→ **Task instructions**:
Only the lines below, from the one with "W32 L34 福生店" through the one with "EverFind Blink 182", are to be written out, exactly.

━━━━━ Data under study ━━━━━

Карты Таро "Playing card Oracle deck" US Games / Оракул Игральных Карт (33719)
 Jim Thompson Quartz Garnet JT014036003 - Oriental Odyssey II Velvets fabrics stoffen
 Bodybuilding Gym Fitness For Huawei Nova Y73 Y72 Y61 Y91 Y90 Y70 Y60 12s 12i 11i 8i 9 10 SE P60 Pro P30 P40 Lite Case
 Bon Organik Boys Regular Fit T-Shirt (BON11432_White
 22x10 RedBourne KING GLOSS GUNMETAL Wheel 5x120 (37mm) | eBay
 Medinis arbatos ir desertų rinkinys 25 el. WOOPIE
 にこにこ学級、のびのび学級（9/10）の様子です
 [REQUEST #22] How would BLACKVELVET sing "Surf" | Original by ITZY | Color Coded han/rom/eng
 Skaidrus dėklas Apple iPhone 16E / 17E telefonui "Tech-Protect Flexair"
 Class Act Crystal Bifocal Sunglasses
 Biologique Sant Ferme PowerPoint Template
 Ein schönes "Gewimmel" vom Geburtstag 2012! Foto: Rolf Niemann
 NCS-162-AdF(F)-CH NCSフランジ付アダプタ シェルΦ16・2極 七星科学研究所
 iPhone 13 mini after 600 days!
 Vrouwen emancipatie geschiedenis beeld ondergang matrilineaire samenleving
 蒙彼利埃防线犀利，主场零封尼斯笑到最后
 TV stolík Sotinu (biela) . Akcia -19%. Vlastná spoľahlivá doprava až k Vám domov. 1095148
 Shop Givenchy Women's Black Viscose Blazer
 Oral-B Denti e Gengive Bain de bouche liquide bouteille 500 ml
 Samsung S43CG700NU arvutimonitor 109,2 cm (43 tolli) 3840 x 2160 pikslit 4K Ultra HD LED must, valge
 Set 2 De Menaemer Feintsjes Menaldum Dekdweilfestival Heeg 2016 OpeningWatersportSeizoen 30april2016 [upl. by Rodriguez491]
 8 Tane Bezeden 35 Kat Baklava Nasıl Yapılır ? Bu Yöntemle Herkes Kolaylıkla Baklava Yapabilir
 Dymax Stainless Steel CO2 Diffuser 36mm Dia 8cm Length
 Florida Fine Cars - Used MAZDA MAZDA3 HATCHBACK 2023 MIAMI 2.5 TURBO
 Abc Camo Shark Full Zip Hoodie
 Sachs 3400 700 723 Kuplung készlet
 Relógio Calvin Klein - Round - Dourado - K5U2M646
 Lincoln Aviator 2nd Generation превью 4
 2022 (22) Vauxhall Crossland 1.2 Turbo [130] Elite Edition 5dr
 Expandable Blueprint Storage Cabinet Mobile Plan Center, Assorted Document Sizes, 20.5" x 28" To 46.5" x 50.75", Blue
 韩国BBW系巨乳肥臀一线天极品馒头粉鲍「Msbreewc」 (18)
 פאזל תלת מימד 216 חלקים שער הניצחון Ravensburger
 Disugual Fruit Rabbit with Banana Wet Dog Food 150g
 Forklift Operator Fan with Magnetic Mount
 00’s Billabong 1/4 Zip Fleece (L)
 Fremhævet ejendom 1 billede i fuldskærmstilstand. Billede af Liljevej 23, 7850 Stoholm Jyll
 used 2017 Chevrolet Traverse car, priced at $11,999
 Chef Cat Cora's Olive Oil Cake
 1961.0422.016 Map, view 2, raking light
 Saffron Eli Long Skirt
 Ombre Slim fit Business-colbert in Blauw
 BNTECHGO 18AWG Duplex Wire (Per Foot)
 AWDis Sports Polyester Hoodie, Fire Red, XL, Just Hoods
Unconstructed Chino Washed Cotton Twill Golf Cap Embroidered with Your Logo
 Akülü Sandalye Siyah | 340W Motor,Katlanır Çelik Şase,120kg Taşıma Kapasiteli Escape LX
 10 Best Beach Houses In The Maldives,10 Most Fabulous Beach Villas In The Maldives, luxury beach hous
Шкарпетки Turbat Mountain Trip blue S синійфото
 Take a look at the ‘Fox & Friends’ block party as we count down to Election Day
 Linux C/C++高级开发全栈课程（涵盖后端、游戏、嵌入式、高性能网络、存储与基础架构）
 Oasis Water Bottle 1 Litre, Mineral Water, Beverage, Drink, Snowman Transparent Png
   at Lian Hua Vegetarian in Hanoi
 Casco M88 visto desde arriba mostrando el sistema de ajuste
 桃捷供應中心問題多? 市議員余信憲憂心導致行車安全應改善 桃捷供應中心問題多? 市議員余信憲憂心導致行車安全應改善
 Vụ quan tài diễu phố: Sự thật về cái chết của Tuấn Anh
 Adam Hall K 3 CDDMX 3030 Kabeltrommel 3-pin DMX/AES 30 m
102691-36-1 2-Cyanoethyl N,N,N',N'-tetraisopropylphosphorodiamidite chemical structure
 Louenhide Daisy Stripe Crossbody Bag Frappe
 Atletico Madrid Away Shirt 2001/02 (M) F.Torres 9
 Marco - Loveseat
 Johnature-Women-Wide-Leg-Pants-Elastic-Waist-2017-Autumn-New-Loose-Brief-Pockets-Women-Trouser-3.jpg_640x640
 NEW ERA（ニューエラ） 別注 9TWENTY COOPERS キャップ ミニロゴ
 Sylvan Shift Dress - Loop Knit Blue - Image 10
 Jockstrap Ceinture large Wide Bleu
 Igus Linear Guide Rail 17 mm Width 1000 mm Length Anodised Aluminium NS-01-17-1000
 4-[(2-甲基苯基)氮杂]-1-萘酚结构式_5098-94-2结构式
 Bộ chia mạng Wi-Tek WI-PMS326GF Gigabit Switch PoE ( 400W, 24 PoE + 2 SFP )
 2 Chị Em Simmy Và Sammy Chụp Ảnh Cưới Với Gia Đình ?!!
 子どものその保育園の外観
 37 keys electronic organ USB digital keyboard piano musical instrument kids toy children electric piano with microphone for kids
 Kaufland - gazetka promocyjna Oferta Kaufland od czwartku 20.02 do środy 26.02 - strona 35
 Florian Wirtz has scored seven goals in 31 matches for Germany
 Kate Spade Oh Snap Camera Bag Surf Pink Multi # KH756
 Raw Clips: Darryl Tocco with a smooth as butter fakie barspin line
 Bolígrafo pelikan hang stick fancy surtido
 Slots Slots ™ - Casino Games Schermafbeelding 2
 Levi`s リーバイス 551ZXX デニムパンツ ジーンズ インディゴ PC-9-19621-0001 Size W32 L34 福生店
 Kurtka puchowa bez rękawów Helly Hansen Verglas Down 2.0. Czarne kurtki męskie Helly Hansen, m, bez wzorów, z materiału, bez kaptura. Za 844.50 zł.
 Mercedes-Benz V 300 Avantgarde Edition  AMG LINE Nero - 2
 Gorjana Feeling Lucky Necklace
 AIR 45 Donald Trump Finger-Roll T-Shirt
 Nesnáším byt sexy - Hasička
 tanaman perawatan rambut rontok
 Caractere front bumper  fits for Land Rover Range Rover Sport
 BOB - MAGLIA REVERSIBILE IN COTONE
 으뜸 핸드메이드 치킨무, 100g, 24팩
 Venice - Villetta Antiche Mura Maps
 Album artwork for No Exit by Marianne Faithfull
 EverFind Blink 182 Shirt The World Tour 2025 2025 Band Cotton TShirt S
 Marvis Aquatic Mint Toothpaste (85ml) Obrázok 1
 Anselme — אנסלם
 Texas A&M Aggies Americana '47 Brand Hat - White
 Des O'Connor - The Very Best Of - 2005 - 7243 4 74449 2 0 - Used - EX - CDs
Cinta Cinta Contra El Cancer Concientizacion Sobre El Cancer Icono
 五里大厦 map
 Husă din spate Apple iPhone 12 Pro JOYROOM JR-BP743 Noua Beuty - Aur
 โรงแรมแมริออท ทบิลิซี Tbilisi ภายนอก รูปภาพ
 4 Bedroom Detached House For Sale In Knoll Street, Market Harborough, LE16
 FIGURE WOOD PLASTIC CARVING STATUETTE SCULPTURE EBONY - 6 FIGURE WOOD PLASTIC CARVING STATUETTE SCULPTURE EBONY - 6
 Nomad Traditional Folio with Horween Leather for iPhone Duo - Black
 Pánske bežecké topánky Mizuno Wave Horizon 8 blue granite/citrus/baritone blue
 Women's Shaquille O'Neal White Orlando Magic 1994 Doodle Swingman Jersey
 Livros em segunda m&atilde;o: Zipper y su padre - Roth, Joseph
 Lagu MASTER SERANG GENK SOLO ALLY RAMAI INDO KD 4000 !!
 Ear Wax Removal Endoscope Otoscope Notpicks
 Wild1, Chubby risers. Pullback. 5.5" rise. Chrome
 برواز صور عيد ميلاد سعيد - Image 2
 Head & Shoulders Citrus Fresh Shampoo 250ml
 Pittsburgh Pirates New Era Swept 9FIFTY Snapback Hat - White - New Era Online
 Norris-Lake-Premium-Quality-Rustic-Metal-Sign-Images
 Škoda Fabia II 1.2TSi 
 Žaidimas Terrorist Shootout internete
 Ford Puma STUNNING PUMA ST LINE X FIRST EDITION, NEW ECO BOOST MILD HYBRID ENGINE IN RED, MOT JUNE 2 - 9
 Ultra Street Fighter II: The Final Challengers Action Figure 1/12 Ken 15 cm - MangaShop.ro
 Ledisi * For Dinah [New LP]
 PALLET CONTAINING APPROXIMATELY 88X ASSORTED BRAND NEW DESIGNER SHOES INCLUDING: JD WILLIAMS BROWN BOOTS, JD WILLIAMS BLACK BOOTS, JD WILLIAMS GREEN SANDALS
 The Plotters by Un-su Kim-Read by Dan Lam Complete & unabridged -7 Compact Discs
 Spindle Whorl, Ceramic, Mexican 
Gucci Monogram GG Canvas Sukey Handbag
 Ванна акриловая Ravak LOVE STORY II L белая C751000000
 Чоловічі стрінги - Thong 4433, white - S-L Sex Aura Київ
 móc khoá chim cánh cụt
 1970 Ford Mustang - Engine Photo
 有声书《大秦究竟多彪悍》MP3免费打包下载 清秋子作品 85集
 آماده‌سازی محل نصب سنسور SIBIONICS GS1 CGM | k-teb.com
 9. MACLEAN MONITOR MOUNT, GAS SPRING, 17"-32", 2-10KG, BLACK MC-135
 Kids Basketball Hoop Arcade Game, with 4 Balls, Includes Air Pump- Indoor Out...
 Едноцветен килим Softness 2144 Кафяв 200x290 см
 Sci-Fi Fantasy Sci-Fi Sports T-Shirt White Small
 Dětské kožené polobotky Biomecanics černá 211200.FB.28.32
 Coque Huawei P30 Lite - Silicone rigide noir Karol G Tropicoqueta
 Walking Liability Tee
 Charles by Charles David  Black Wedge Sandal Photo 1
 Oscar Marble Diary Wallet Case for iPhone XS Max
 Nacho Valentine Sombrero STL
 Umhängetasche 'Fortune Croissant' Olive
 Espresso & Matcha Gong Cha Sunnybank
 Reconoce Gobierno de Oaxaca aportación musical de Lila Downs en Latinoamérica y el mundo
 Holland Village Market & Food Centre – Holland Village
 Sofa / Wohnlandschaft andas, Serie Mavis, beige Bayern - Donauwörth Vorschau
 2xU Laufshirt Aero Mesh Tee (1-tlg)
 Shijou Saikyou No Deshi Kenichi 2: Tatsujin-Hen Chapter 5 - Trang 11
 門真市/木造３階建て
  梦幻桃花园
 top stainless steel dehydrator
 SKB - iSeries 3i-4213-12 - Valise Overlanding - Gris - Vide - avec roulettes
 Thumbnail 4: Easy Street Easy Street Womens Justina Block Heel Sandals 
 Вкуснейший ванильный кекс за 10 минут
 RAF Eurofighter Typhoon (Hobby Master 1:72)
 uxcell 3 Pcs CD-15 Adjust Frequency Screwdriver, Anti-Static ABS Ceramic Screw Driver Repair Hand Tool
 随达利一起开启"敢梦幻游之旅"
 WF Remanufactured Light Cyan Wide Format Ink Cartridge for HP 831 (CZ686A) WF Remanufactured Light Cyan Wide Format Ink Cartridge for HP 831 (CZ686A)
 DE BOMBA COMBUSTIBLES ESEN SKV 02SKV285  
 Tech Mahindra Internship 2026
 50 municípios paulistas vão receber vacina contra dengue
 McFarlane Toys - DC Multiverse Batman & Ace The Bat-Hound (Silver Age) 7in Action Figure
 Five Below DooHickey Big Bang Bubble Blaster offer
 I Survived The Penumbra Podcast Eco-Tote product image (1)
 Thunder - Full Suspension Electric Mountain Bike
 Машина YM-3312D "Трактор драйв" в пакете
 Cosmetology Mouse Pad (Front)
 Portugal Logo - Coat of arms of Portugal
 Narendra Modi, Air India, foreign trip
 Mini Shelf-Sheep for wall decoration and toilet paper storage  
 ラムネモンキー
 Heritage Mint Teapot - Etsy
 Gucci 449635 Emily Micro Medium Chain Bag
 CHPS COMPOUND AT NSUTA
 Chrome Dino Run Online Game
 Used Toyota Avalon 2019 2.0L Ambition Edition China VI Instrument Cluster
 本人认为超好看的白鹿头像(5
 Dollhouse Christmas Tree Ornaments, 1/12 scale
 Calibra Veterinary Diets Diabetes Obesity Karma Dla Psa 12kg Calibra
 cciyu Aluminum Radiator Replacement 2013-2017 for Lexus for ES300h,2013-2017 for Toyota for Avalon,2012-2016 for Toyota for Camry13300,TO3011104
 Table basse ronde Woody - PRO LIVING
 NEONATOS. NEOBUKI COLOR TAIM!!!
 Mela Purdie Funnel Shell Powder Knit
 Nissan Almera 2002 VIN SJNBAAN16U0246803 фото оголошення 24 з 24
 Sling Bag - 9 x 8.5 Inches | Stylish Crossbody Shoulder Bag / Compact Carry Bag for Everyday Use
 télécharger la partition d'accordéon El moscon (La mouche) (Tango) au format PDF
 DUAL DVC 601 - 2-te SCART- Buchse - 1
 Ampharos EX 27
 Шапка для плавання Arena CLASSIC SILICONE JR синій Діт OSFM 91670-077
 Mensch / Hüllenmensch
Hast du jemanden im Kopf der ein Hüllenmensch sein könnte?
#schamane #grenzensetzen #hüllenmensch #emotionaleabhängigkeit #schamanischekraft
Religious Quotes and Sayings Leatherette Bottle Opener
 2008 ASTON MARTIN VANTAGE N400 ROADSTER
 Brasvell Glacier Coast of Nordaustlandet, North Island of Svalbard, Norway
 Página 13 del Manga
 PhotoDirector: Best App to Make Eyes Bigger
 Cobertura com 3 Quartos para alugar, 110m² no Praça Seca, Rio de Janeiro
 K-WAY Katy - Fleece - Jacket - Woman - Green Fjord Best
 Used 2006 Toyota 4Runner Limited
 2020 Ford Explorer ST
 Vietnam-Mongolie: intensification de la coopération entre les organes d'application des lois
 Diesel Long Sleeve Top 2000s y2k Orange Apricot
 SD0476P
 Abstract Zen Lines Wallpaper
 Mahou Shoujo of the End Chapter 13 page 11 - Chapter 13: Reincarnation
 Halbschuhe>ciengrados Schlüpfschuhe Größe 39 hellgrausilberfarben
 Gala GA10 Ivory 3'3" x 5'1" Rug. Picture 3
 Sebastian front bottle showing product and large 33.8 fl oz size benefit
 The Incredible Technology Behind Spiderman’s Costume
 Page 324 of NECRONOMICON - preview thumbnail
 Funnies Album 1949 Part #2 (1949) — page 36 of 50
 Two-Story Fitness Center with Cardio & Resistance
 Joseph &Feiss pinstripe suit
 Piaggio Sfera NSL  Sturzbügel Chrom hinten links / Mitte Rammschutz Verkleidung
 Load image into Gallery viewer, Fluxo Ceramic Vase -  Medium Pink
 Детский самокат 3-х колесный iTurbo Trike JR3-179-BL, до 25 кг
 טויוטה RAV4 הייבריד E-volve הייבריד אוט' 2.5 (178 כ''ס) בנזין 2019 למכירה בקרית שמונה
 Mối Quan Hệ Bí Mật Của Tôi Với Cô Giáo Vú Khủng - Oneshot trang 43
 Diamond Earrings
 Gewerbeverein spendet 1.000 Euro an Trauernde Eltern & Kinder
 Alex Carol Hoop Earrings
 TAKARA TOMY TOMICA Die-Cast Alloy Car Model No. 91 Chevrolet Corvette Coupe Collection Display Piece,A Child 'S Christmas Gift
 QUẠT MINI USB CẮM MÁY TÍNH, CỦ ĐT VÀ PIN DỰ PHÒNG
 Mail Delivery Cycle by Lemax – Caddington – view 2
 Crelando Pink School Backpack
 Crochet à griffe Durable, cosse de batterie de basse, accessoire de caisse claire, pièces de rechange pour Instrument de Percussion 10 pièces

━━━━━

→ **The answer**:
 Levi`s リーバイス 551ZXX デニムパンツ ジーンズ インディゴ PC-9-19621-0001 Size W32 L34 福生店
 Kurtka puchowa bez rękawów Helly Hansen Verglas Down 2.0. Czarne kurtki męskie Helly Hansen, m, bez wzorów, z materiału, bez kaptura. Za 844.50 zł.
 Mercedes-Benz V 300 Avantgarde Edition  AMG LINE Nero - 2
 Gorjana Feeling Lucky Necklace
 AIR 45 Donald Trump Finger-Roll T-Shirt
 Nesnáším byt sexy - Hasička
 tanaman perawatan rambut rontok
 Caractere front bumper  fits for Land Rover Range Rover Sport
 BOB - MAGLIA REVERSIBILE IN COTONE
 으뜸 핸드메이드 치킨무, 100g, 24팩
 Venice - Villetta Antiche Mura Maps
 Album artwork for No Exit by Marianne Faithfull
 EverFind Blink 182 Shirt The World Tour 2025 2025 Band Cotton TShirt S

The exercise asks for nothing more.